With the pictures left out, copy the listing below exactly.

### The data
--
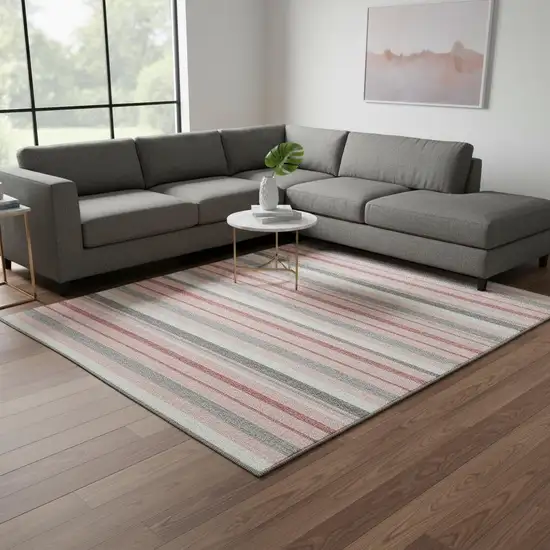Pink Ivory And Gray Striped Washable Area Rug With UV Protection Photo 2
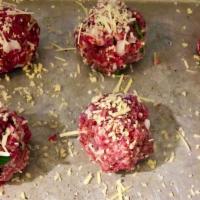Great Balls O’ Fire · 3 of our delicious Grass-Fed Beef Meatballs, served in our HomeMade Marinara Sauce! Top sell...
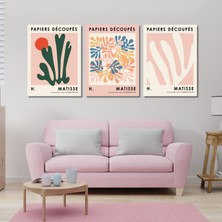 Gaagart 3'lü Kanvas Duvar Tablosu Papiers Henri Matisse Tasarımı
--
### Exercise solution
Pink Ivory And Gray Striped Washable Area Rug With UV Protection Photo 2
Great Balls O’ Fire · 3 of our delicious Grass-Fed Beef Meatballs, served in our HomeMade Marinara Sauce! Top sell...
 Gaagart 3'lü Kanvas Duvar Tablosu Papiers Henri Matisse Tasarımı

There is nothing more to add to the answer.